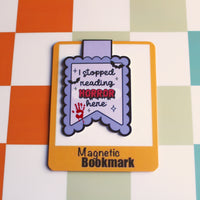 Load image into Gallery viewer, I Stopped Reading Horror Here Magnetic Bookmark | Spooky Cute Bookish Gift | Glossy Finish | Fun Reading Accessory | Stick With Geo
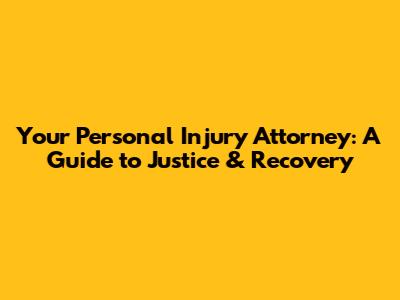 Your Personal Injury Attorney: A Guide to Justice & Recovery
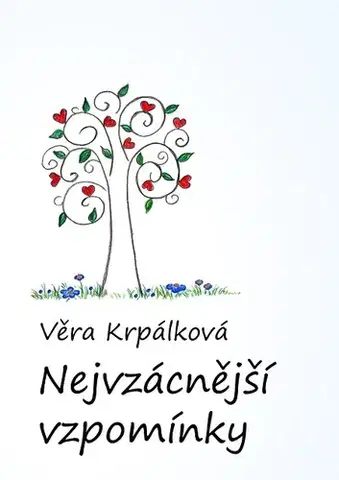 Novely, poviedky, antológie Nejvzácnější vzpomínky - Věra Krpálková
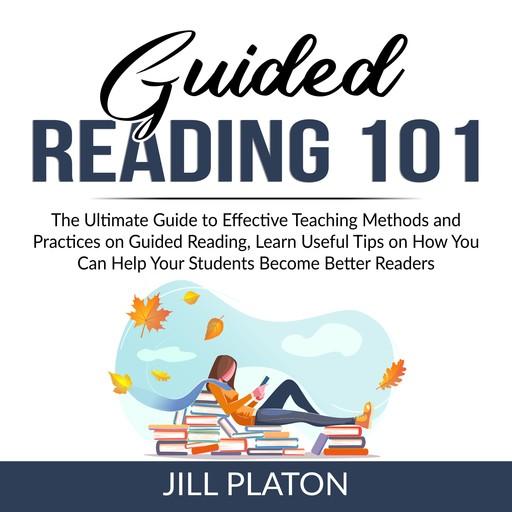 Guided Reading 101, Jill Platon
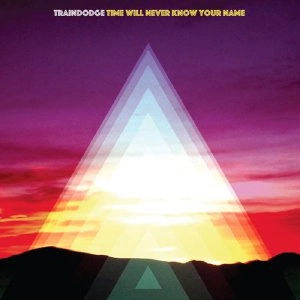 TRAINDODGE / トレインドッジ / TIME WILL NEVER KNOW YOUR NAME (CD)
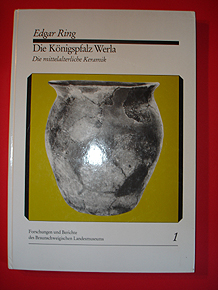 Ring, Edgar:  Die Königspfalz Werla. Die mittelalterliche Keramik. Forschungen und Berichte des Braunschweigischen Landesmuseums Bd. 1. 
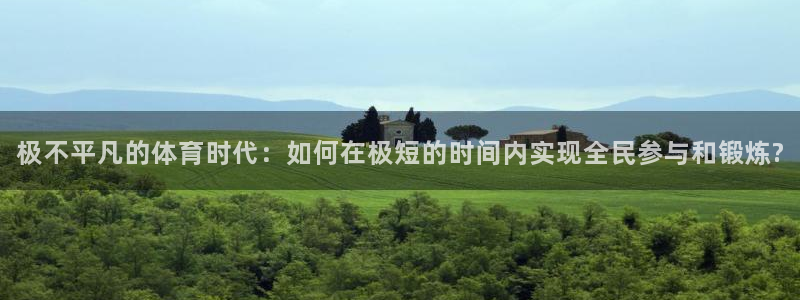三亿体育：极不平凡的体育时代：如何在极短的时间内实现全民参与和锻炼?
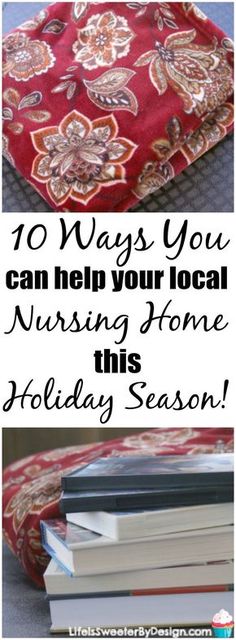 books stacked on top of each other with the words 10 ways you can help your local nursing home this holiday season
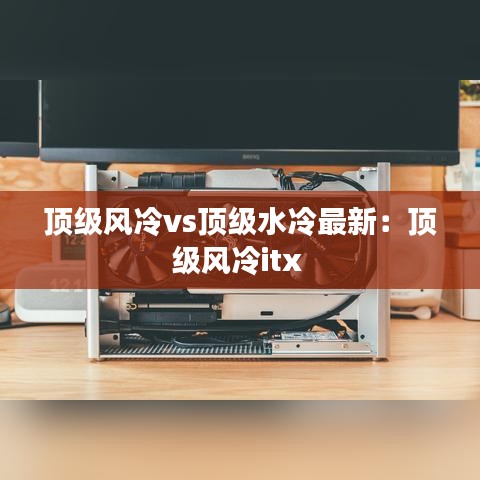 顶级风冷vs顶级水冷最新：顶级风冷itx 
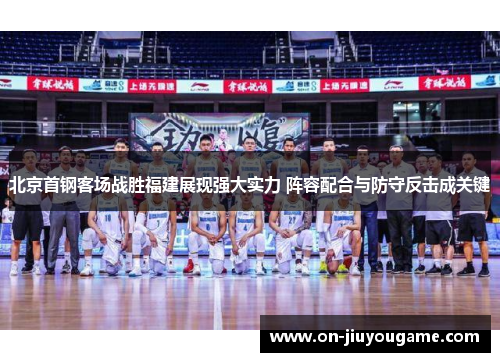 北京首钢客场战胜福建展现强大实力 阵容配合与防守反击成关键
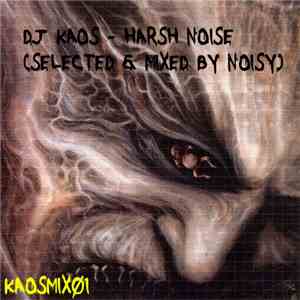 DJ Kaos  - Harsh Noise (Selected & Mixed By Noisy)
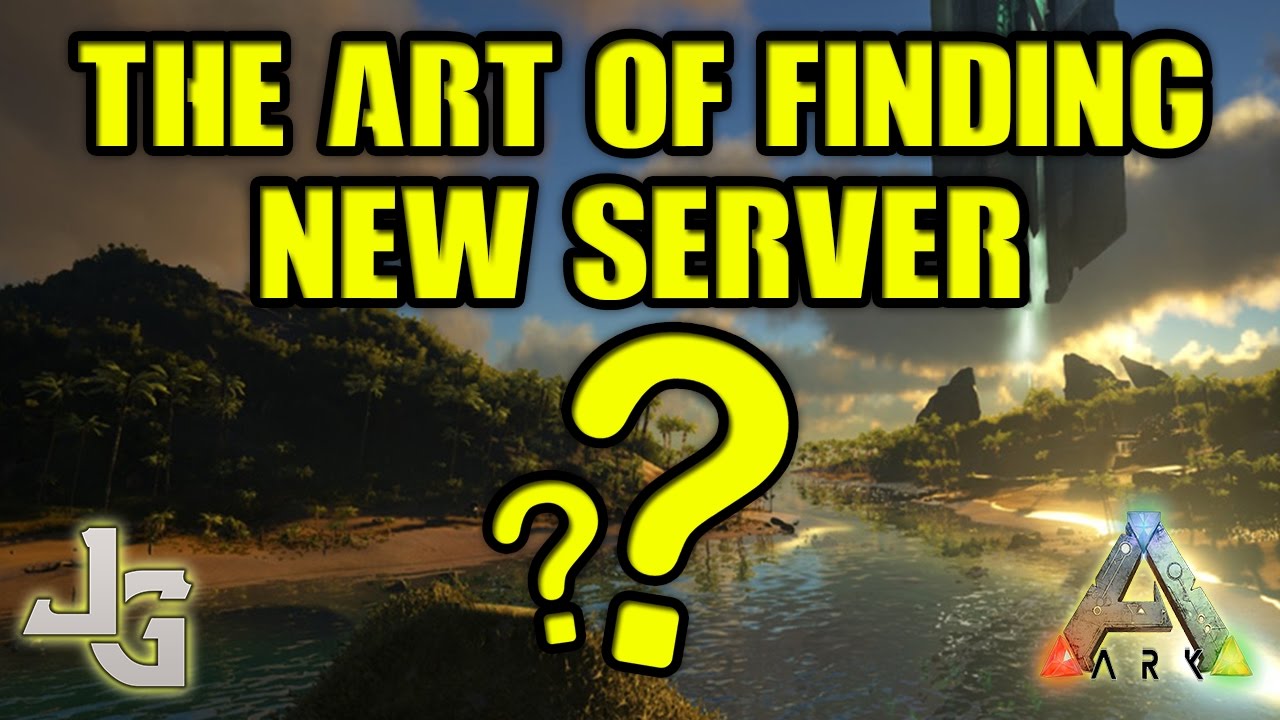 ARK - The Art of finding a new server to play on - How to - Guide - YouTube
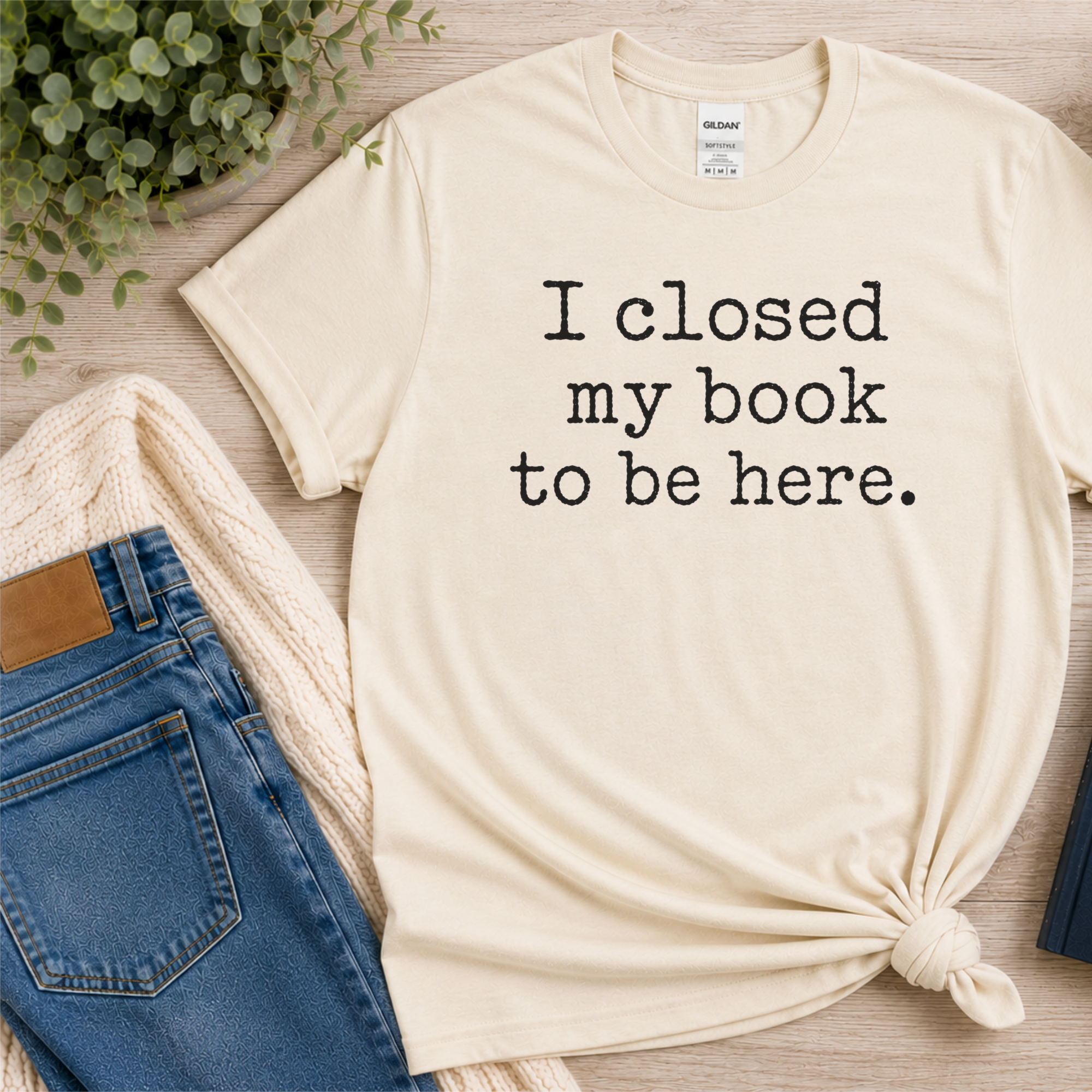 I Closed My Book to Be Here Shirt, Book Lover T-Shirt, Reader Gift, Bookish Tee, Reading Lover Gift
--- --- ---
Now repeat exactly the lines from the one with "Your Personal Injury" through the end of the listing above, both included, omitting all pictures.

 Your Personal Injury Attorney: A Guide to Justice & Recovery
 Novely, poviedky, antológie Nejvzácnější vzpomínky - Věra Krpálková
 Guided Reading 101, Jill Platon
 TRAINDODGE / トレインドッジ / TIME WILL NEVER KNOW YOUR NAME (CD)
 Ring, Edgar:  Die Königspfalz Werla. Die mittelalterliche Keramik. Forschungen und Berichte des Braunschweigischen Landesmuseums Bd. 1. 
三亿体育：极不平凡的体育时代：如何在极短的时间内实现全民参与和锻炼?
 books stacked on top of each other with the words 10 ways you can help your local nursing home this holiday season
 顶级风冷vs顶级水冷最新：顶级风冷itx 
 北京首钢客场战胜福建展现强大实力 阵容配合与防守反击成关键
 DJ Kaos  - Harsh Noise (Selected & Mixed By Noisy)
 ARK - The Art of finding a new server to play on - How to - Guide - YouTube
 I Closed My Book to Be Here Shirt, Book Lover T-Shirt, Reader Gift, Bookish Tee, Reading Lover Gift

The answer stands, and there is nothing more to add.